● **Problem requirements**: Output every record word for word, minus the pictures.

=== Begin Enclosure ===

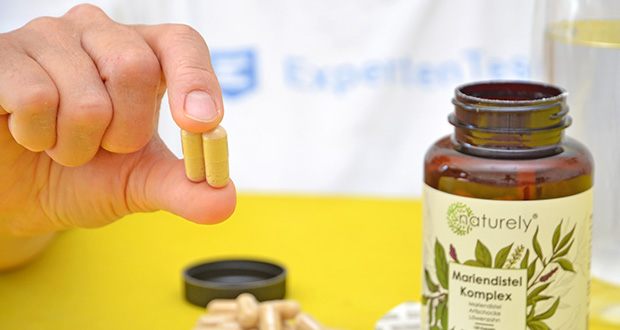 Naturely Mariendistel Komplex im Test - empfelswert 2 x 1 Kapsel am Tag mit ausreichend Flüssigkeit einzunehmen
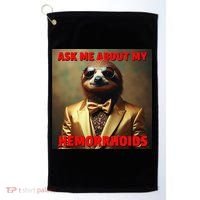 Unhinged Cringe Funny Hemorrhoids Inappropriate Embarrassing Golf Towel thumb 0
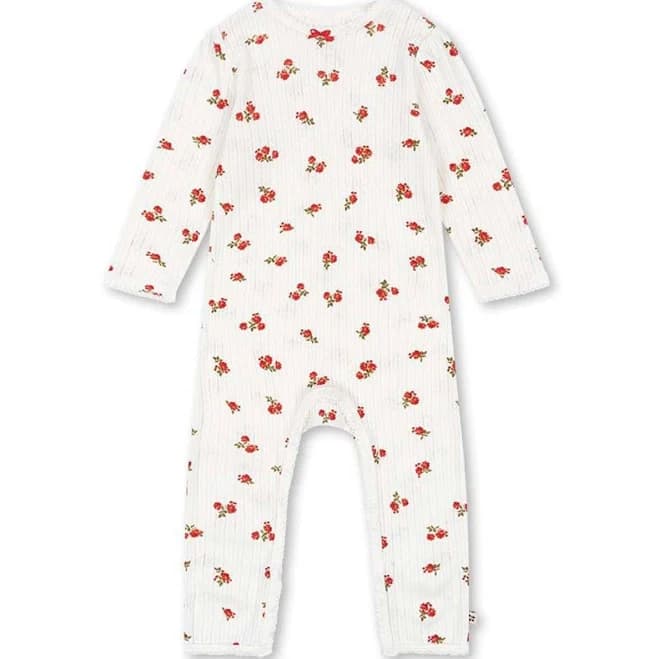 Baby Minnie Onesie in Rose Red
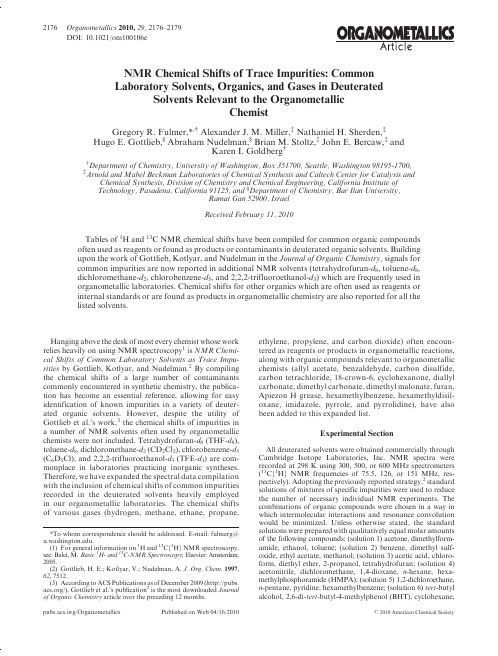 NMR Chemical Shifts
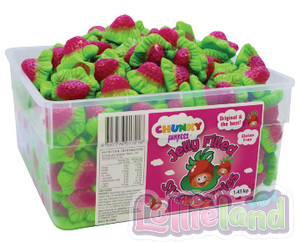 Chunky Funkeez Jelly Filled Strawberries - 1.45kg Tub
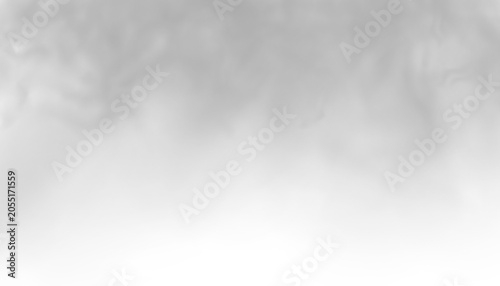 Cuadro en lienzo Cold winter mist with delicate white vapor and smooth transparent diffusion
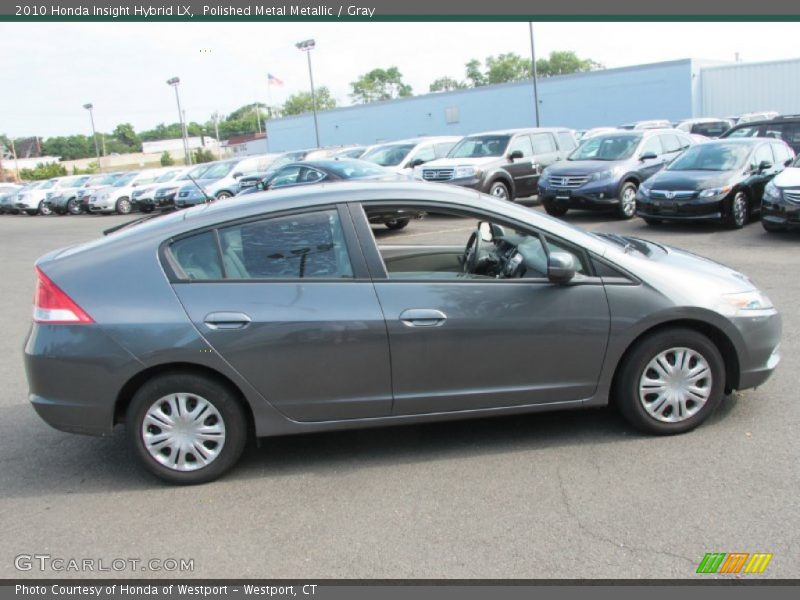 Polished Metal Metallic / Gray 2010 Honda Insight Hybrid LX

=== End Enclosure ===

● **Response box**:
 Naturely Mariendistel Komplex im Test - empfelswert 2 x 1 Kapsel am Tag mit ausreichend Flüssigkeit einzunehmen
 Unhinged Cringe Funny Hemorrhoids Inappropriate Embarrassing Golf Towel thumb 0
 Baby Minnie Onesie in Rose Red
 NMR Chemical Shifts
 Chunky Funkeez Jelly Filled Strawberries - 1.45kg Tub
 Cuadro en lienzo Cold winter mist with delicate white vapor and smooth transparent diffusion
 Polished Metal Metallic / Gray 2010 Honda Insight Hybrid LX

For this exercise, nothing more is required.